## What to work on:
Set down word for word each line from the one containing "常州人口调查_常州毒地责任人被立案 揭秘毒地是怎样炼成的 图(2)" through the end of the records, both included. Do not copy any pictures.

== Given records ==

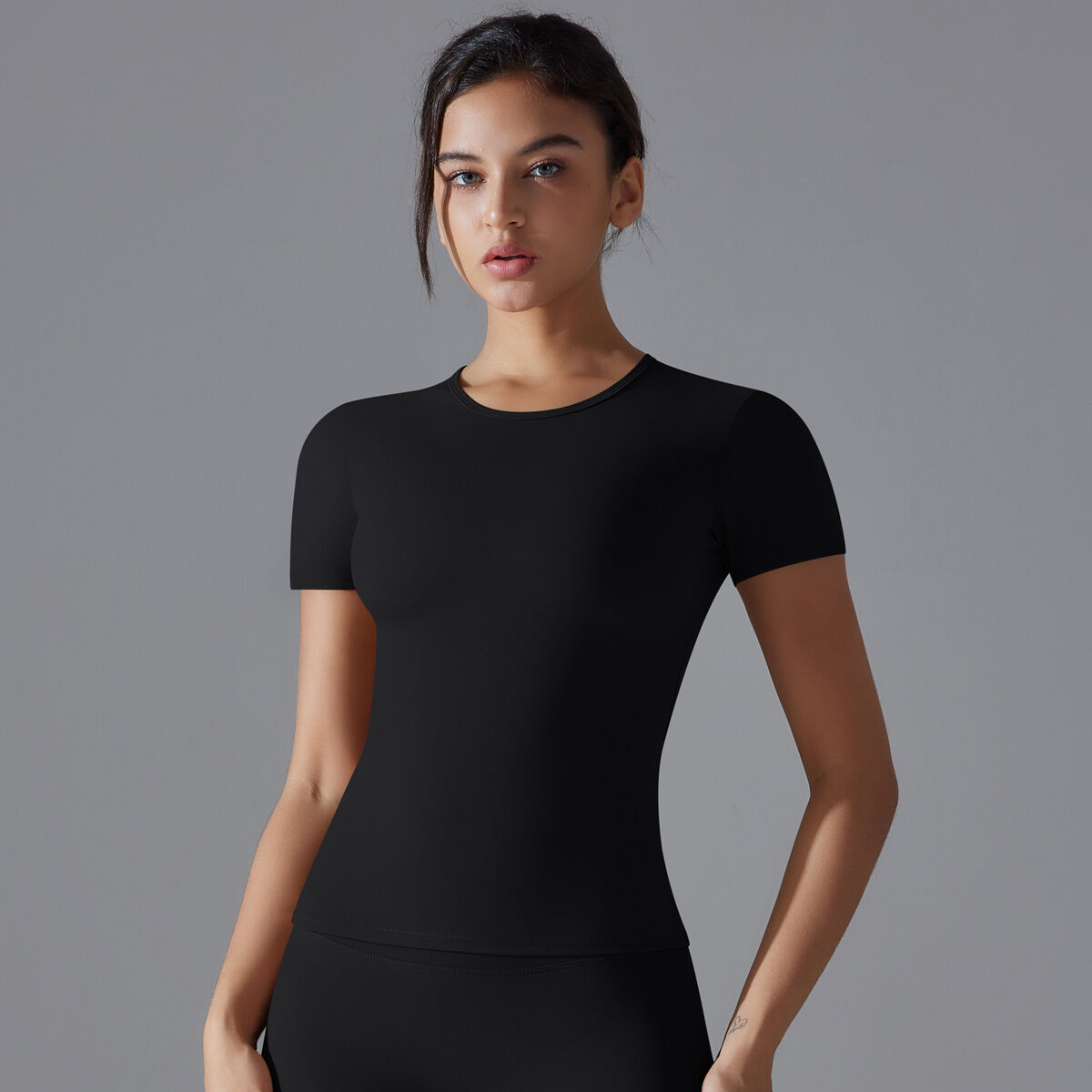 1 par de ropa deportiva y para exteriores para mujer Imagen6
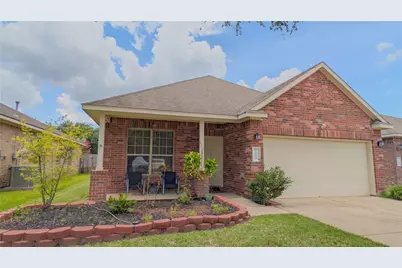 14715 Palladio Drive, Cypress, TX 77429 - Photo 3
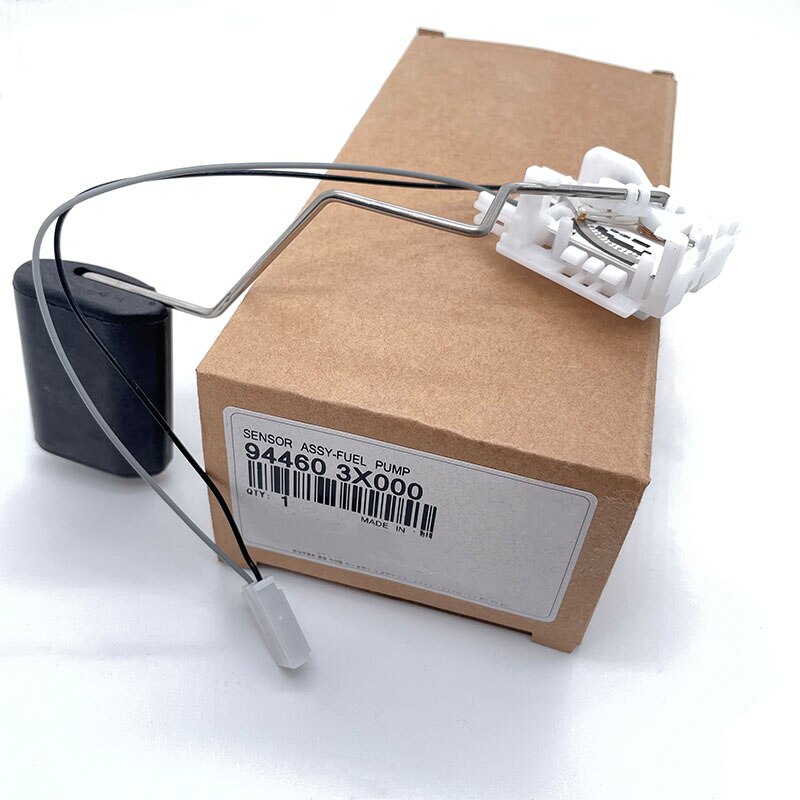 

Датчик уровня топлива для Hyundai i30 GD Veloster Avante MD KIA K3 OEM 944603X000 94460 3X000 94460-3X000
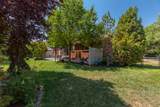 5471 Knollcrest St - Photo 34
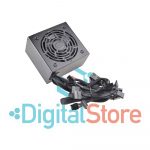 digital-store-Fuente De Poder EVGA 500W Bronze-centro-comercial-monterrey3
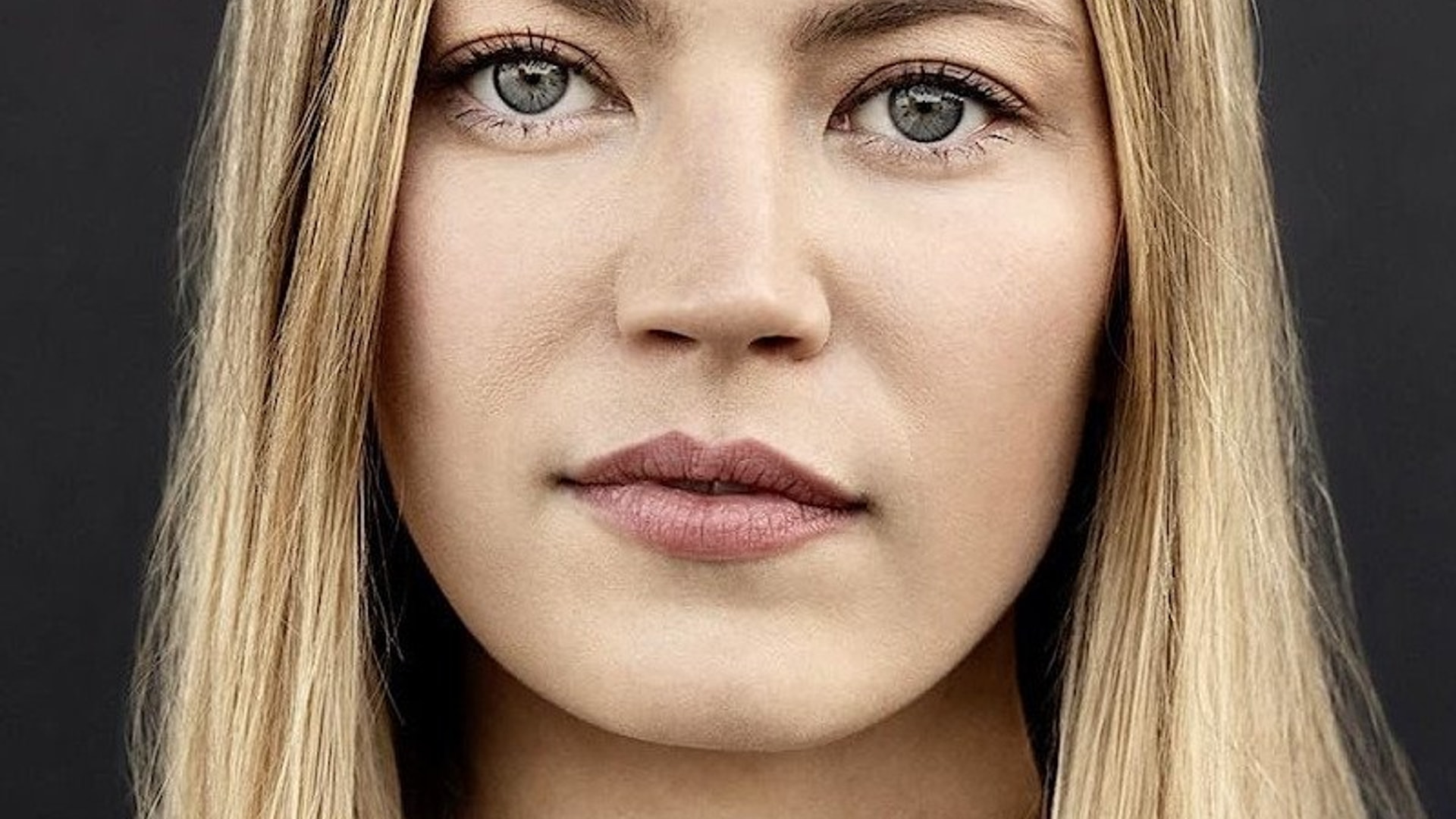 Foto de Hannah McKechnie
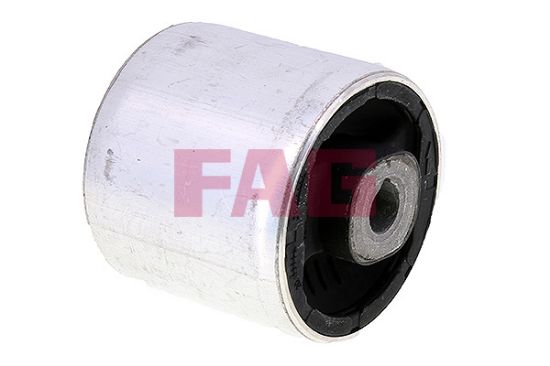 Obrázok Ulożenie riadenia FAG  829057310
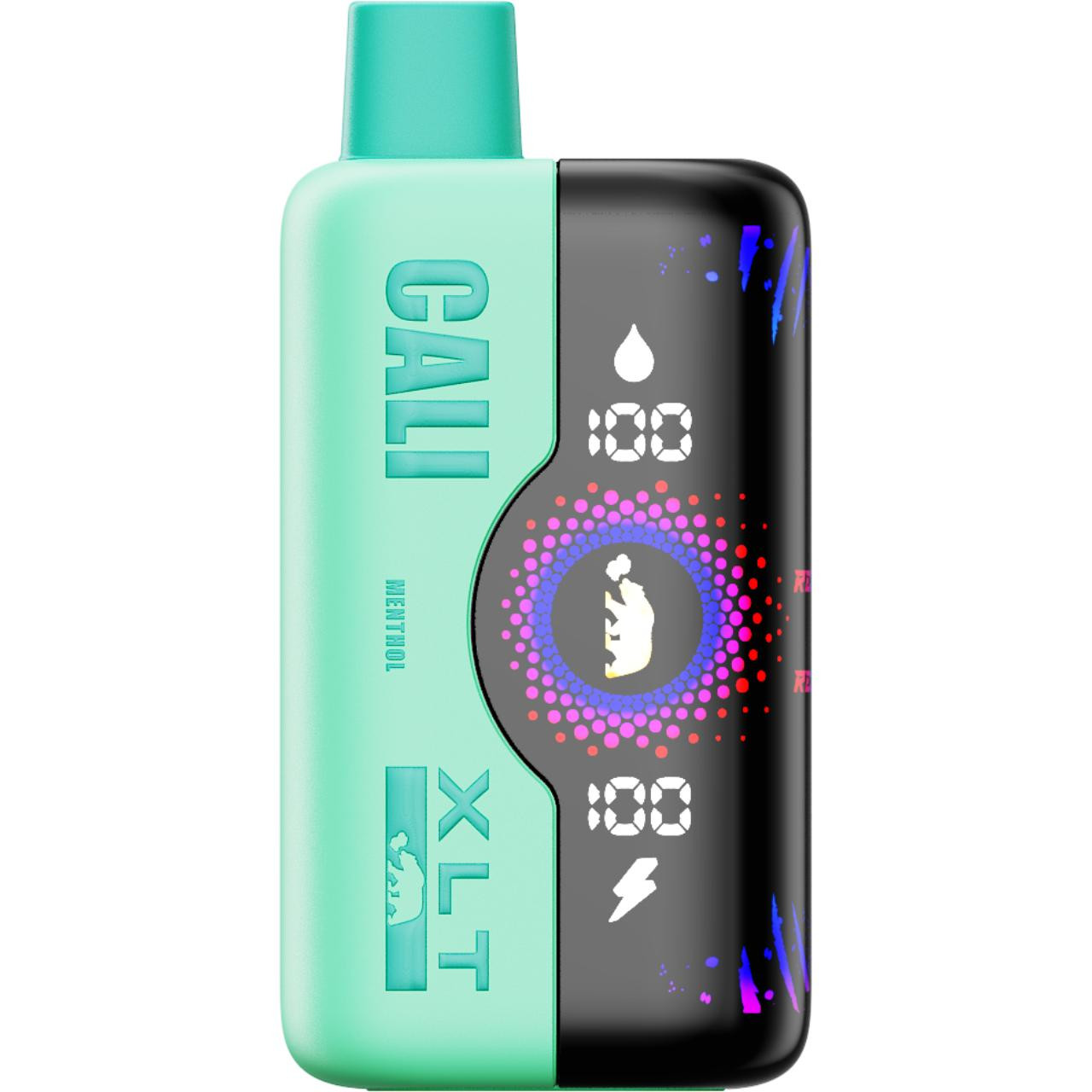 CXLT40K-25
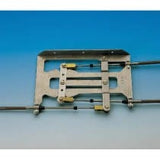 Volvo Penta Qualifies for Free Shipping Volvo Penta Connection Plate #828164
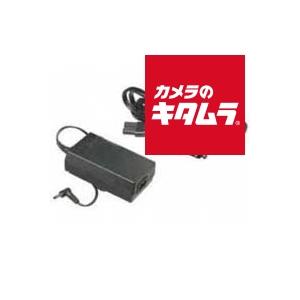 キヤノン コンパクトパワーアダプター CA-570 《納期約３−４週間》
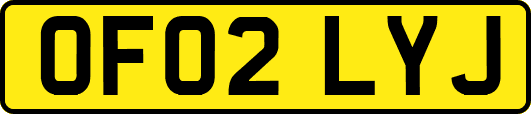 OF02LYJ
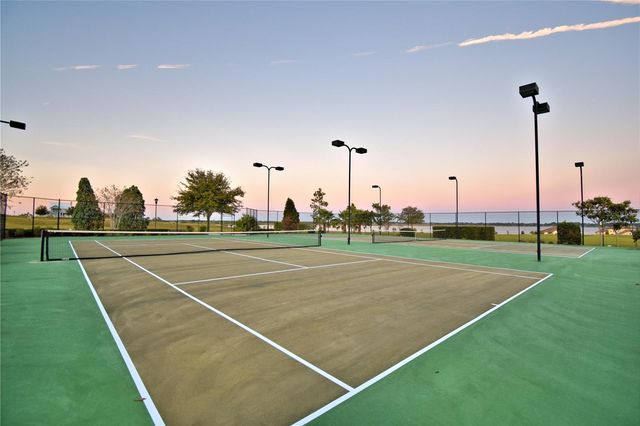 445 WATERFERN TRAIL DRIVE, Auburndale, FL 33823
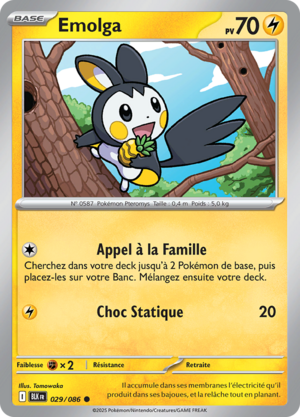 Carte Écarlate et Violet Foudre Noire 029.png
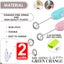 Powerful Cordless High Powered Milk Frother *Local Buy* Carousel 16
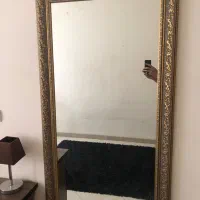 آیینه قدی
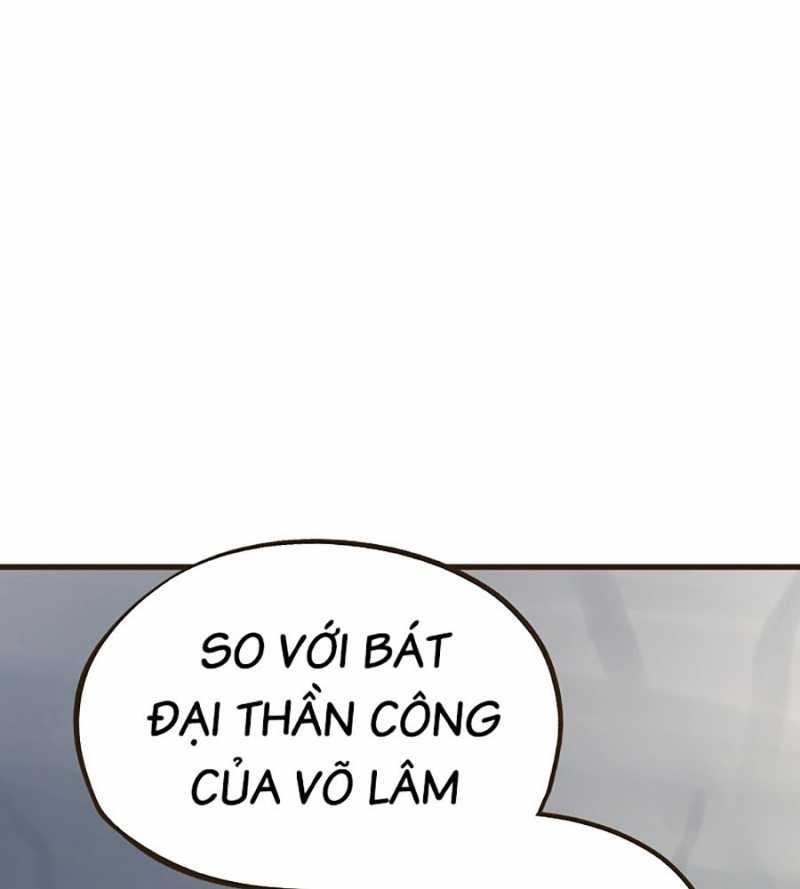 Quái Công Du Lục Chapter 22 - Trang 2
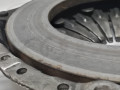 Корзина сцепления 228 мм SACHS 053141117X 3082178132 на Ауди 100 C3 купить с разборки в Самаре по цене 6 500 ₽
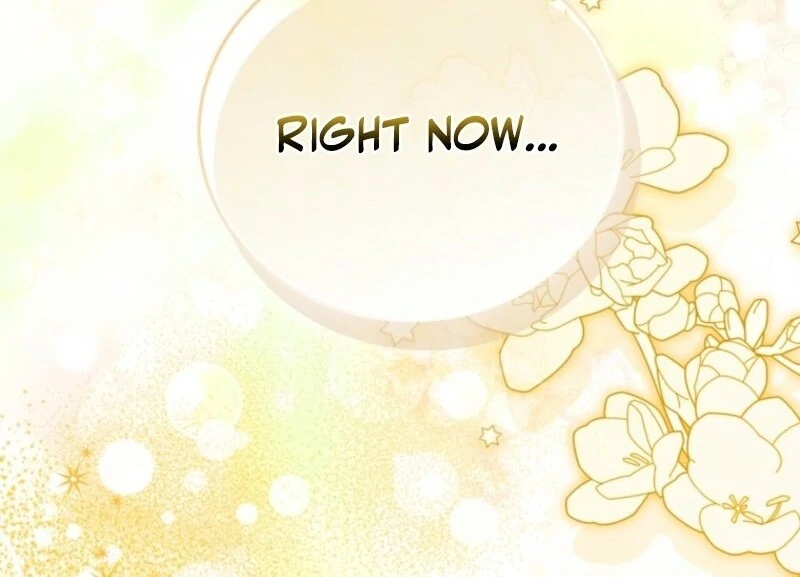 The Beloved Fake Saint Chapter 111 - page 108
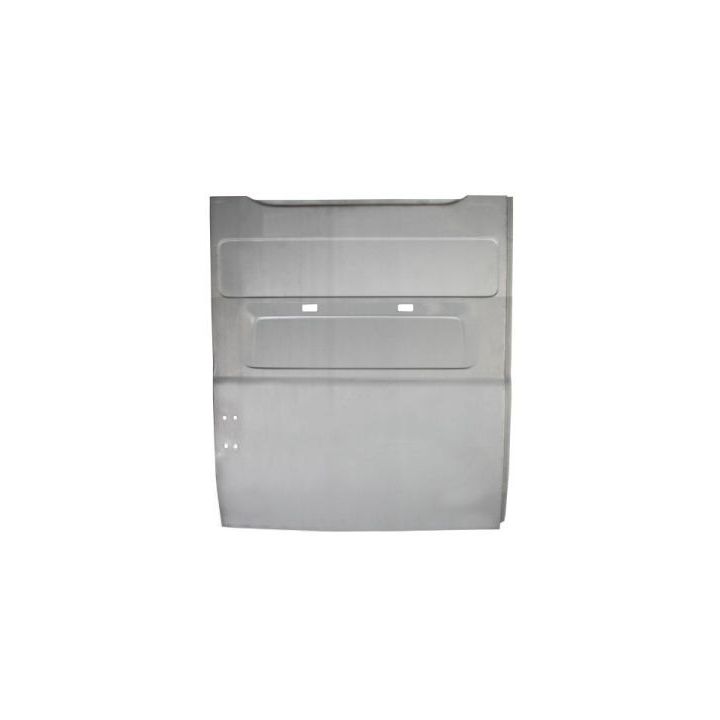 Durų vidaus skydas BLIC 6015-00-2092157P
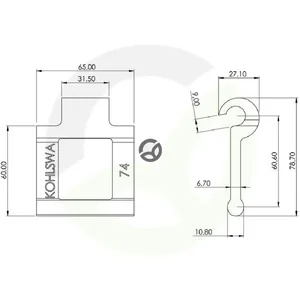 KB74_3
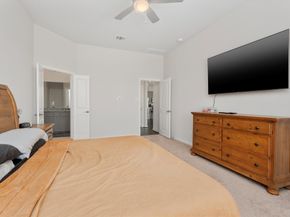 22106 Raburn Ranch, Tomball TX 77375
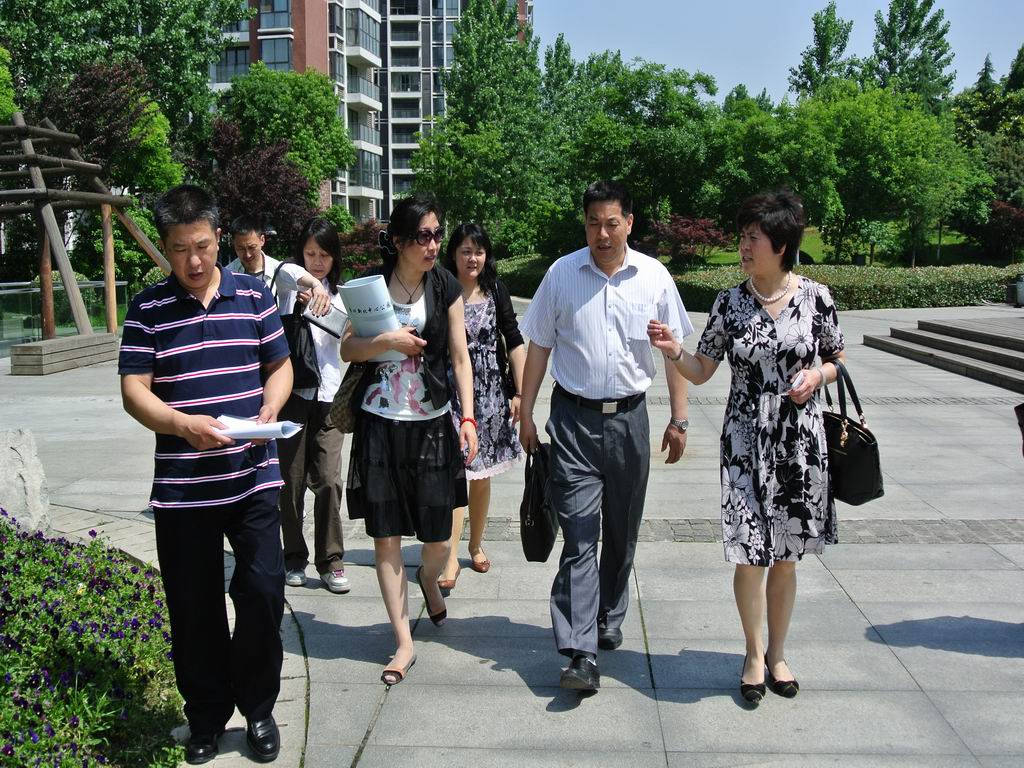 常州人口调查_常州毒地责任人被立案 揭秘毒地是怎样炼成的 图(2)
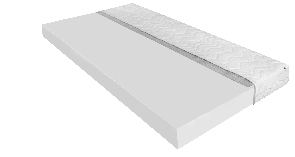 Penový matrac Helene 10 200x140 cm (T3)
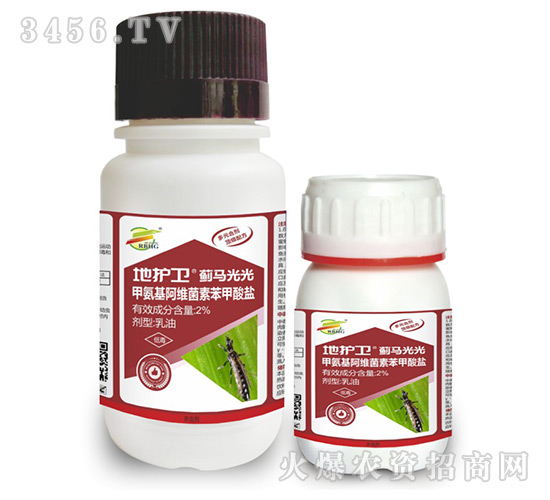 �E�R��Чˎ-���o�l(w��i)-����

===

## Output for this task:
 常州人口调查_常州毒地责任人被立案 揭秘毒地是怎样炼成的 图(2)
 Penový matrac Helene 10 200x140 cm (T3)
 �E�R��Чˎ-���o�l(w��i)-����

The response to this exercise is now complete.